- **Problem requirements**
Look below for the line with "Fireplace with frame" and the line with "A cream and". Copy exactly those two lines and every line between, but not the pictures.

[Captioned web image data]
━━━━━━━━

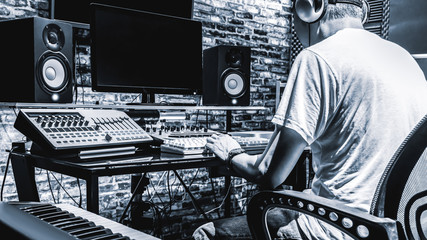 back of male DJ, producer, composer, sound engineer, editor working in sound studio, broadcasting...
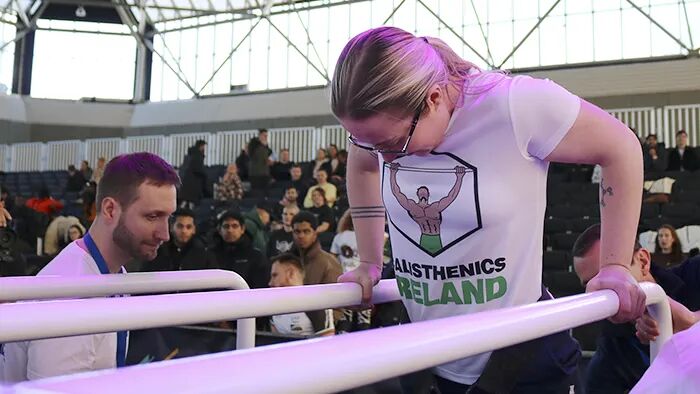 Group calisthenics workshop in progress, with participants learning bodyweight training techniques during a Calisthenics Ireland event
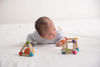 Picture of Triangle Clutching Toy - by Plan Toys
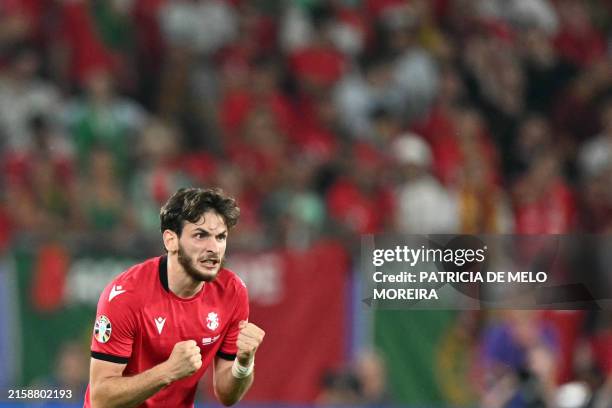 Georgia's forward Khvicha Kvaratskhelia celebrates his team's second goal during the UEFA Euro 2024 Group F football match between Georgia and...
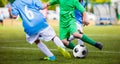 Soccer Football Match. Young Boys Kicking Football Ball on the Sports Pitch Royalty Free Stock Photo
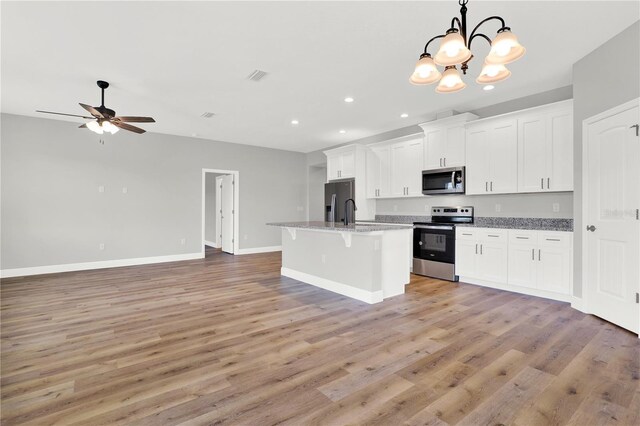 kitchen featuring stainless steel appliances, white cabinets, pendant lighting, light hardwood / wood-style floors, and ceiling fan with notable chandelier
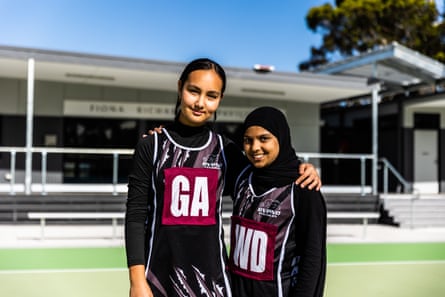 Two girls in newer netball uniforms sanctioned by Netball Australia in December, 2022.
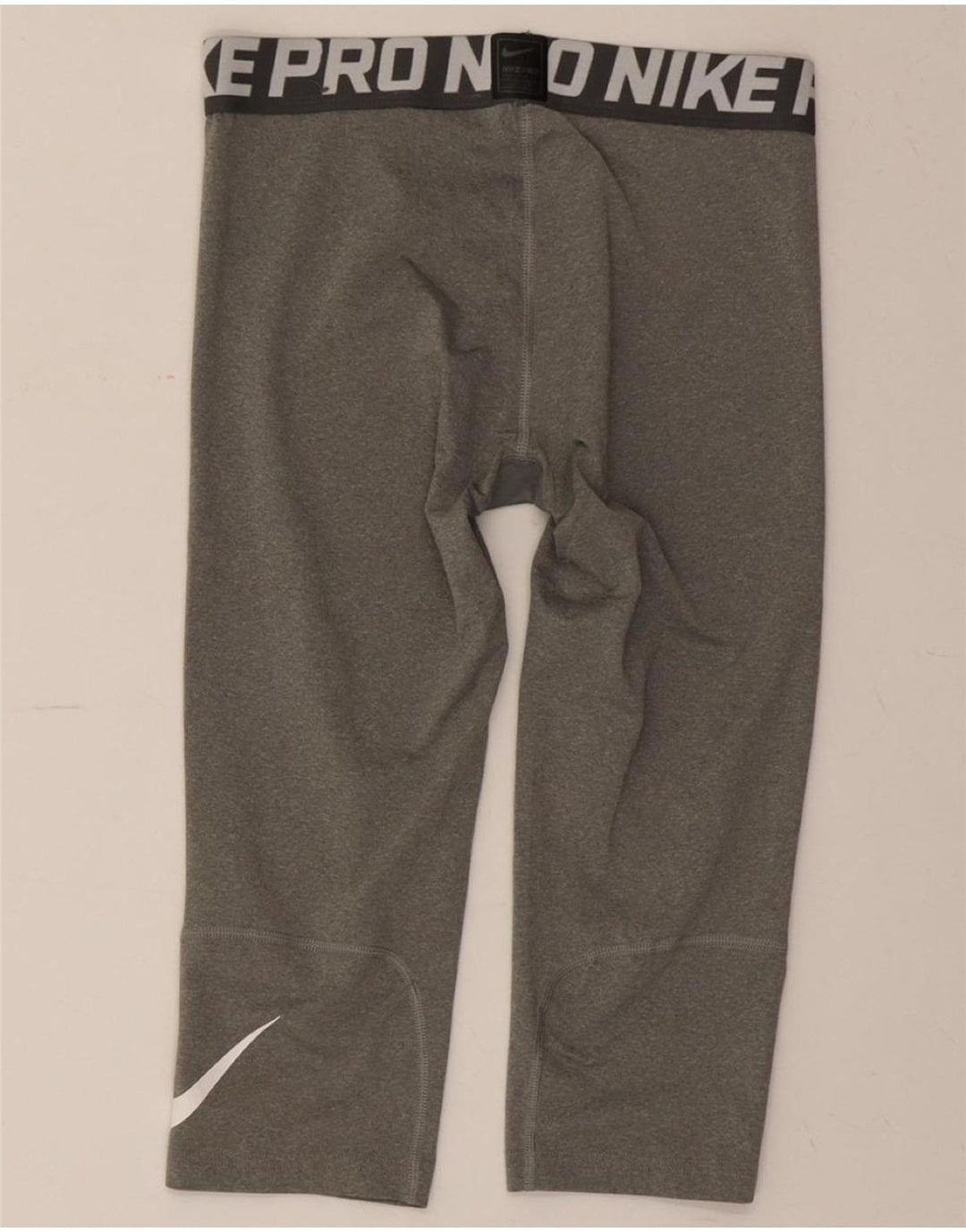 NIKE Girls Dri Fit Graphic Capri Leggings 12-13 Years Large Grey Polyester Vintage Nike and Second-Hand Nike from Messina Hembry 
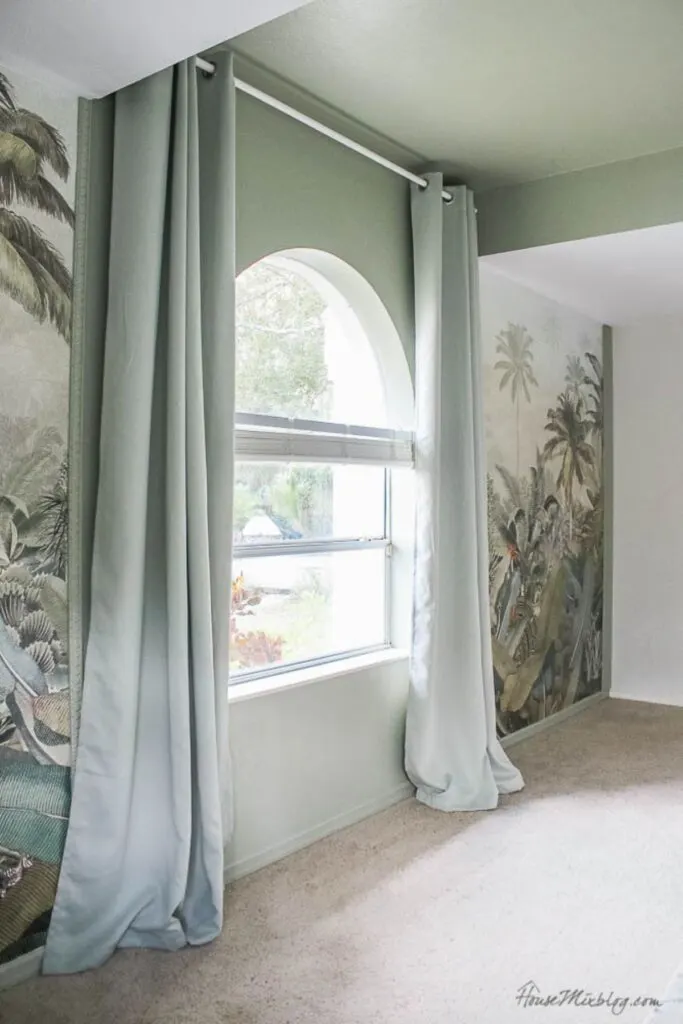 A playroom with a mural of a jungle and the walls around painted Sage Wisdom.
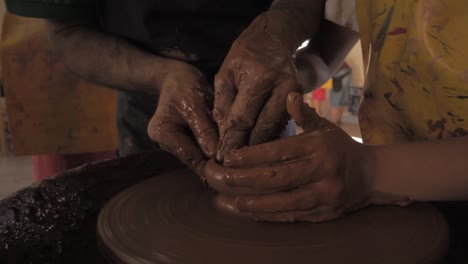 Taller-De-Alfarería,-Cerca-De-Las-Manos-Tirando-Arcilla-En-La-Rueda-De-Alfarería,-Profesor-Con-Niño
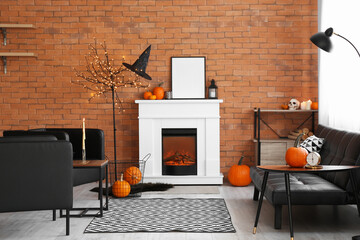 Fireplace with frame in living room decorated for Halloween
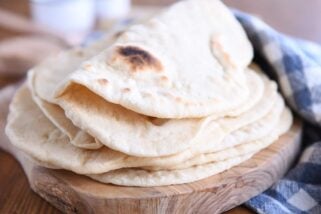 Folded piece of sourdough flatbread on stack of other flatbread.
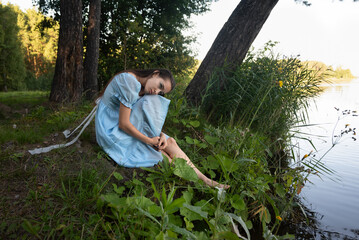 sad girl in a blue dress thinks about suicide by the lake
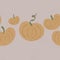 several cute autumn orange pumpkins with green roots on a beige background. the concept of autumn atmosphere and coziness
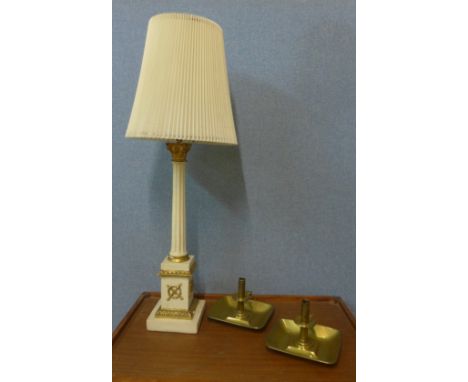 A cream and parcel gilt table lamp and two brass chamber sticks 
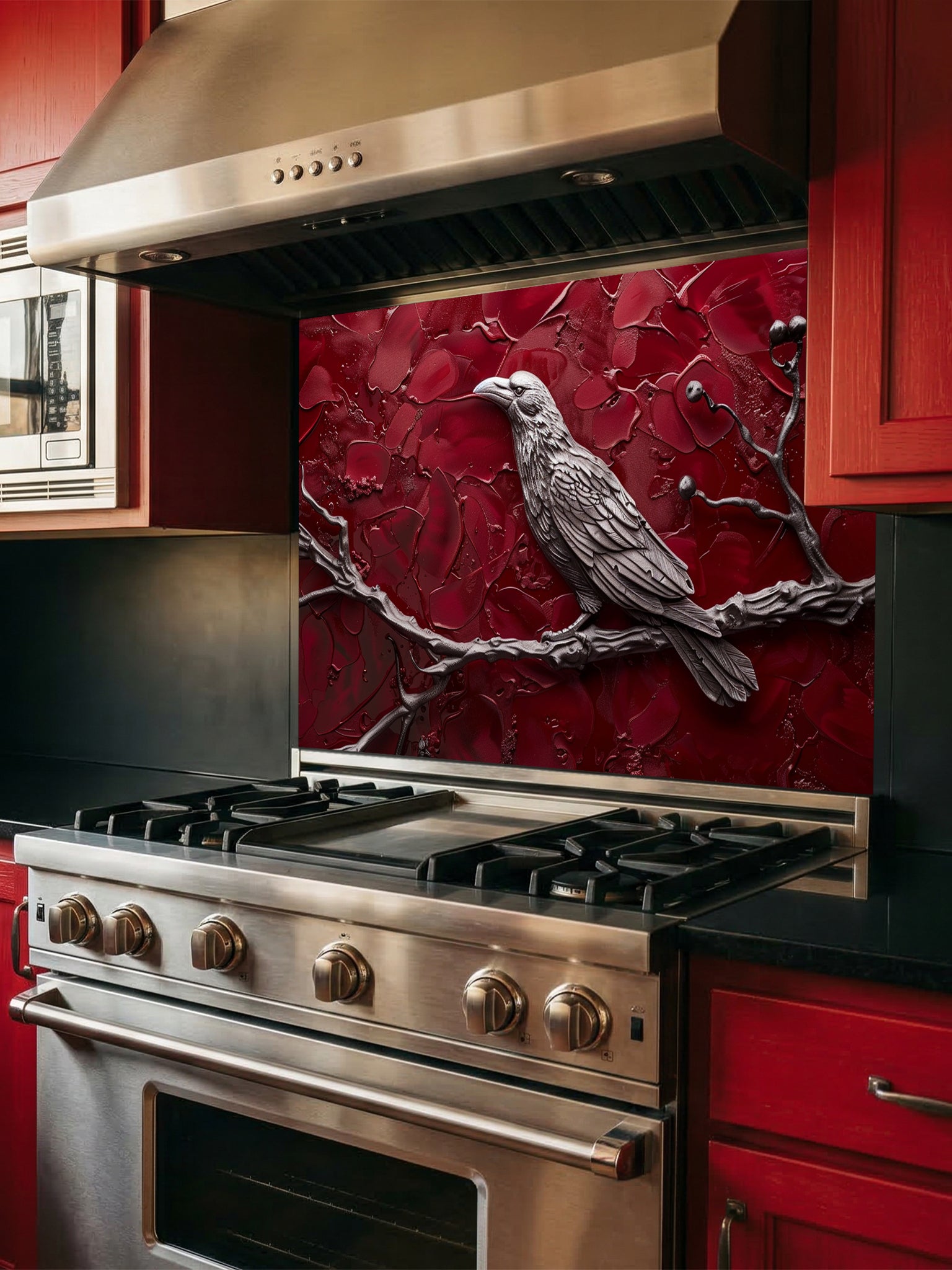 Tempered glass kitchen backsplash featuring a highly realistic 3D illusion of a sculpted metallic raven perched on a branch with berries against a heavily textured, thick impasto crimson red background, installed behind a modern black stove.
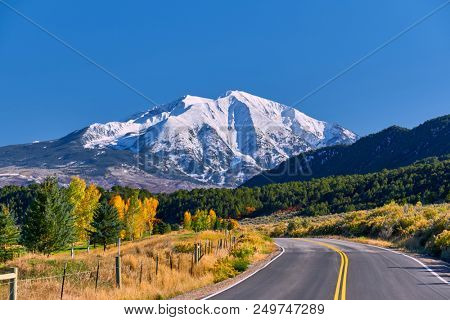 Highway in Colorado at autumn, USA. Mount Sopris landscape.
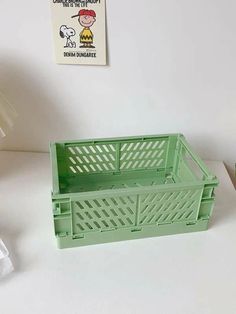 a green plastic crate sitting on top of a white table next to a lamp and pictures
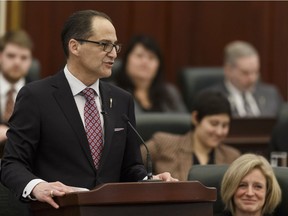 Alberta Finance Minister Joe Ceci, left, speaks alongside Premier Rachel Notley as he tables Budget 2017 in the Alberta Legislature in Edmonton on March 16, 2017.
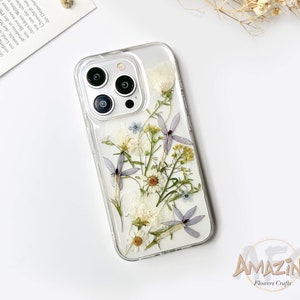 Clear white flower phone case with pressed botanicals and raised camera cutouts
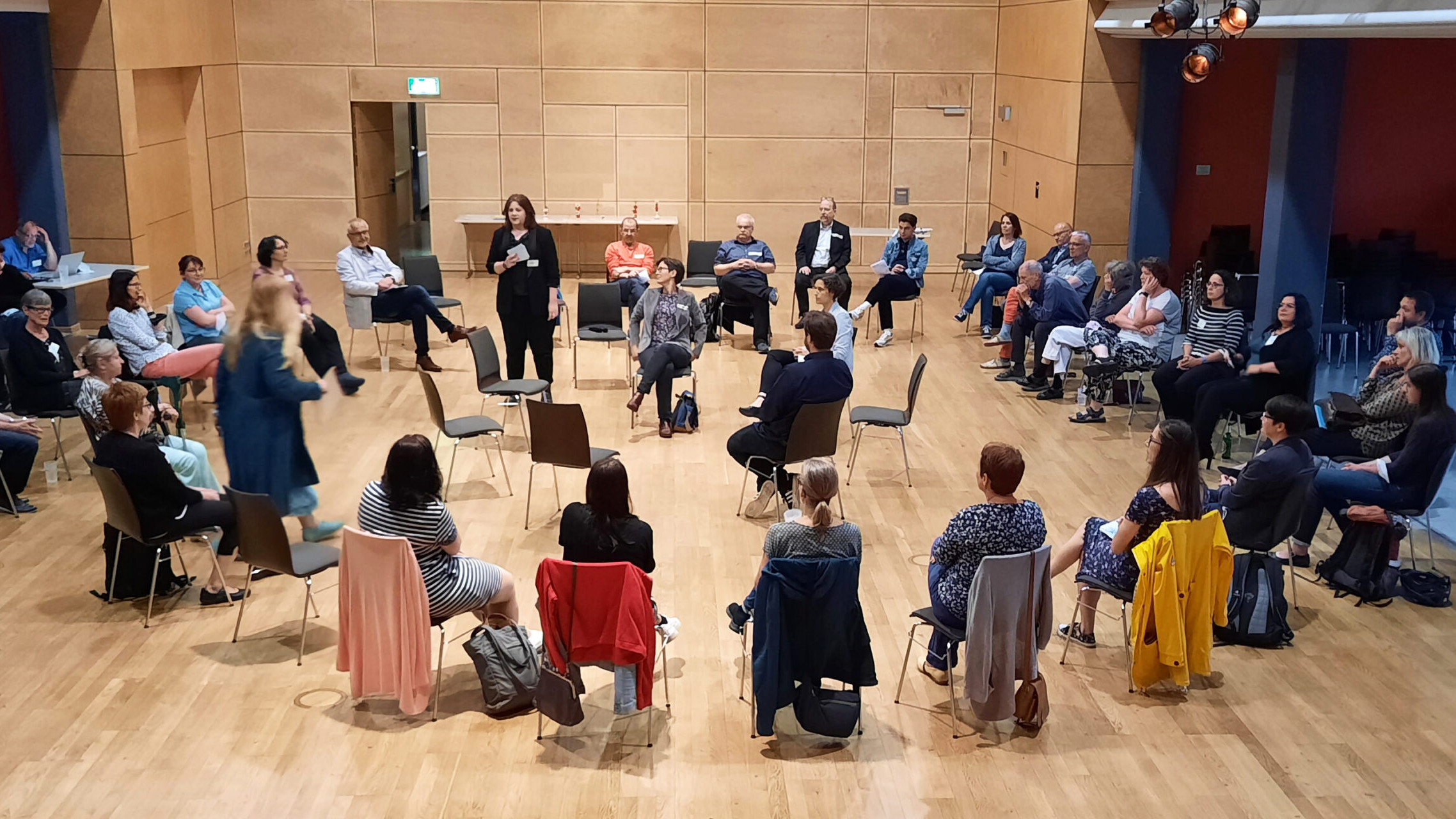 KI generiert: Das Bild zeigt eine Gruppe von Menschen, die in einem Kreis in einem Holzpaneel-Raum sitzen und sich anscheinend an einer Diskussion oder einem Workshop beteiligen. Der Hauptinhalt des Bildes ist eine interaktive Gruppenaktivität oder ein Meeting.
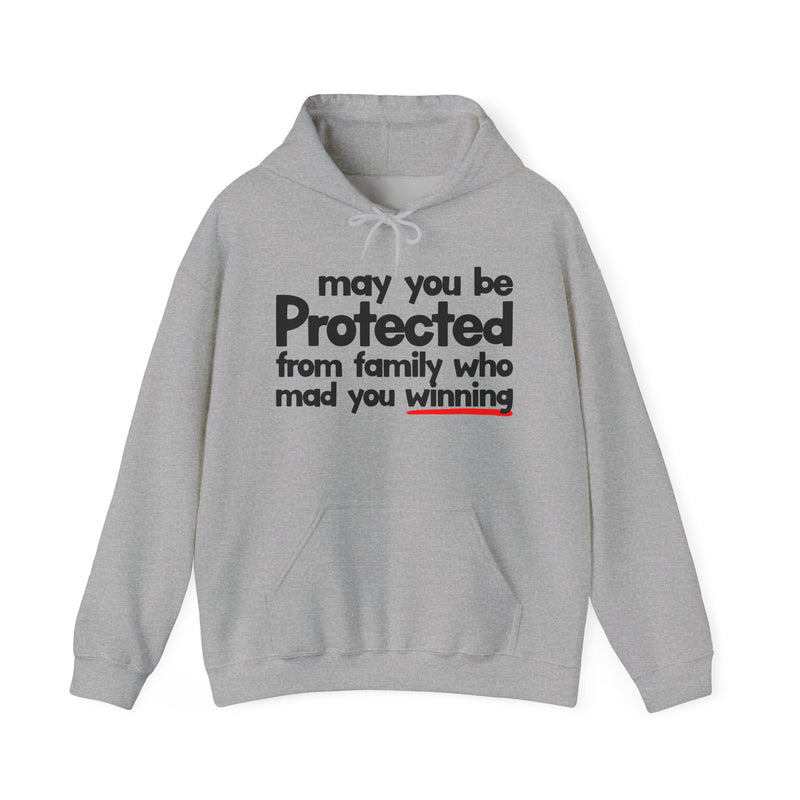 May You Be Protected From Family Who Mad You Winning — Hoodie back view: MAY YOU BE PROTECTED FROM FAMILY WHO MAD YOU WINNING in bold statement lettering. Street Talk Designs protection statement apparel.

━━━━━━━━

- **Solved problem**
 Fireplace with frame in living room decorated for Halloween
 Folded piece of sourdough flatbread on stack of other flatbread.
 sad girl in a blue dress thinks about suicide by the lake
 several cute autumn orange pumpkins with green roots on a beige background. the concept of autumn atmosphere and coziness
 A cream and parcel gilt table lamp and two brass chamber sticks 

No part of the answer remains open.